:: EXTRACTED DATA ::
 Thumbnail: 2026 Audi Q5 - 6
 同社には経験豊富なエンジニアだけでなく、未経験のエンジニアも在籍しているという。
--
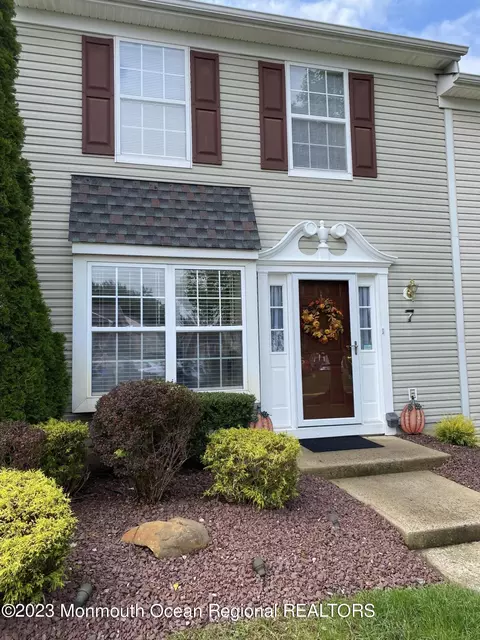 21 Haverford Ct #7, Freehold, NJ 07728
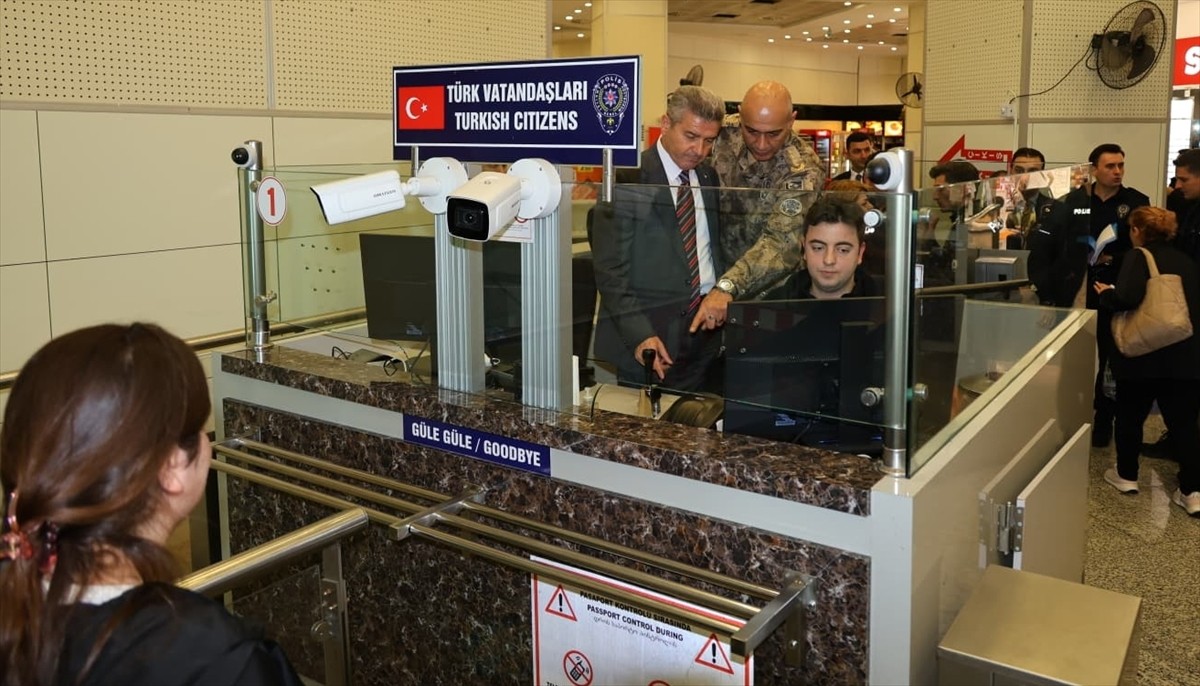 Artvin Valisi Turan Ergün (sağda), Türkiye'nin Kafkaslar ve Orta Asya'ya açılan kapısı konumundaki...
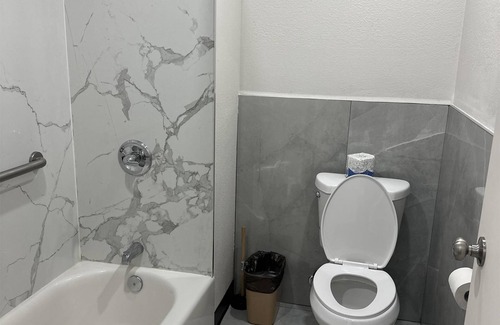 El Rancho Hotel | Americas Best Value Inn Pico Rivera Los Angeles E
==
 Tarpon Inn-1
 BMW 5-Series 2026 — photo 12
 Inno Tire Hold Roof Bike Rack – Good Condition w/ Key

:: WHAT TO PRODUCE ::
After locating the line with "Thumbnail: 2026 Audi Q5 - 6" above, return that line and every later line through the one with "同社には経験豊富なエンジニア", word for word and with nothing else.

:: WRITTEN ANSWER ::
 Thumbnail: 2026 Audi Q5 - 6
 同社には経験豊富なエンジニアだけでなく、未経験のエンジニアも在籍しているという。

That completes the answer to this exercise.